The entries below hold a line with "Invitación de cumpleaños" and a line with "Beautiful Houses In". Return those lines and all that lie between them, exactly and only.

INPUT FOR THIS TASK:
════════
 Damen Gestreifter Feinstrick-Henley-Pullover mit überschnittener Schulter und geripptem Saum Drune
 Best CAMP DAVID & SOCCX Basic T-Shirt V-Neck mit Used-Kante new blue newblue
════════
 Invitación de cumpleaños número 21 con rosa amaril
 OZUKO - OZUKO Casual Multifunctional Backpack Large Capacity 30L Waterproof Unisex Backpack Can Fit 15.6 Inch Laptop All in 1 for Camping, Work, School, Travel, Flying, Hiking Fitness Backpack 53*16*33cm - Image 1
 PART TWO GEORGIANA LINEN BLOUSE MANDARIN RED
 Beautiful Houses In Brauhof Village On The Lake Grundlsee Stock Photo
════════
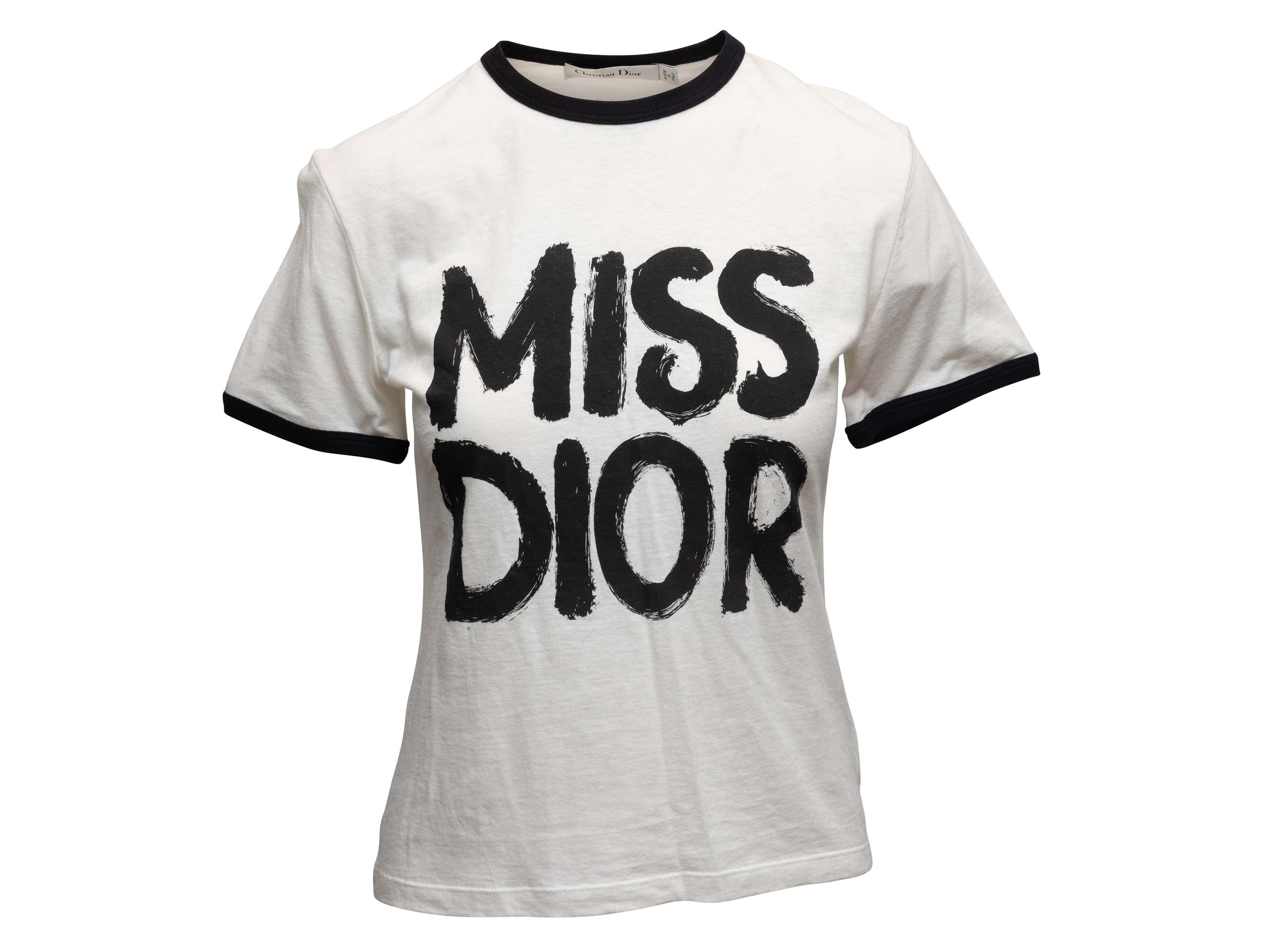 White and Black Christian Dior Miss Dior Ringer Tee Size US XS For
════════
THE COMPLETED TASK:
 Invitación de cumpleaños número 21 con rosa amaril
 OZUKO - OZUKO Casual Multifunctional Backpack Large Capacity 30L Waterproof Unisex Backpack Can Fit 15.6 Inch Laptop All in 1 for Camping, Work, School, Travel, Flying, Hiking Fitness Backpack 53*16*33cm - Image 1
 PART TWO GEORGIANA LINEN BLOUSE MANDARIN RED
 Beautiful Houses In Brauhof Village On The Lake Grundlsee Stock Photo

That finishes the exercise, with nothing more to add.